4. Dr. Wind's Opinion Regarding Consumer Confusion Is Admissible

Whirlpool contends that the Court should exclude Dr. Wind's opinion on the issue of consumer confusion. Dr. Wind opines on the issue of consumer confusion based on the Whirlpool Insperience Studio study and other Whirlpool documents. His opinion is in rebuttal to Dr. Nowlis' opinion that the responses to the less-leading open-ended question shows no evidence of confusion about the way in which a Whirlpool dryer creates steam.

Whirlpool again argues that this opinion is not proper rebuttal under Rule 26(a)(2)(C)(ii) because Dr. Dhar did not draw any conclusions about whether consumers perceive that "real steam [is or is not] in the dryer." As LG notes, however, it did not offer this opinion to rebut Dr. Dhar, but rather to rebut Dr. Nowlis's opinion regarding consumer confusion.

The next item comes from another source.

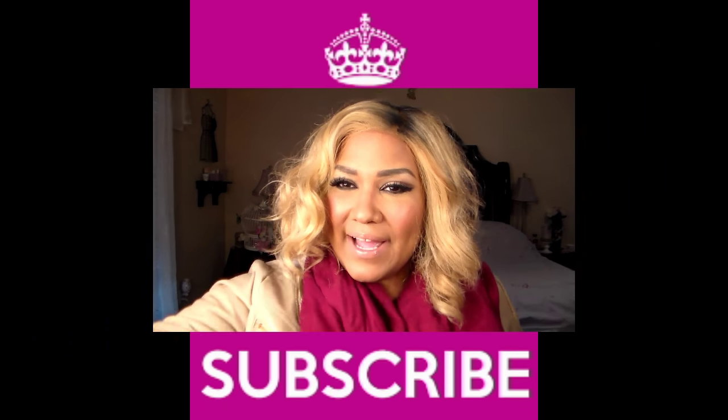Thank y'all so much for watching. Thumbs up, and if you have something to add, drop it in the comments. What's your worst online dating experience? I'd love to read your stories — they're entertaining to me. Go ahead and put them in the comments and I'll see y'all later. Bye!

Whirlpool also challenges Dr. Wind's characterization of the Insperience documents as improperly substituting his opinion for that of the jury's. To the contrary, Dr. Wind has reviewed Whirlpool documents, including the surveys conducted by Insperience, to rebut Dr. Nowlis' criticism of the Reitter Survey's conclusions. In reaching his opinions, Dr. Wind applies his extensive expertise in the area of consumer research and marketing research. See Smith Ford Motor Co., 215 F.3d at 718 ("Rule 702 specifically contemplates the admission of testimony by experts whose knowledge is based on experience . . . ") While Dr. Wind did not conduct an independent market study or consumer survey to reach his opinion, he instead applied his experience in this area to render his opinions. Given his level of experience in this particular area, this opinion offered by Dr. Wind meets the mandates of Daubert and Rule 702.

5. Video Report

At the close of discovery in this case, Whirlpool produced 34 Consumer Use Feedback Testing ("CUFT") videos pertaining to consumers' perception of steam. These videos contained interviews with consumers and Whirlpool employees regarding the consumers' experiences with the Whirlpool steam dryer. The consumers commented on the performance and operation of the dryer and provided detailed feedback regarding the steam cycle on the dryers. Whirlpool produced additional videos after the close of discovery. The Court granted LG's request to take discovery regarding these late-produced videos, including leave to have its expert, Dr. Wind, review and opine on them.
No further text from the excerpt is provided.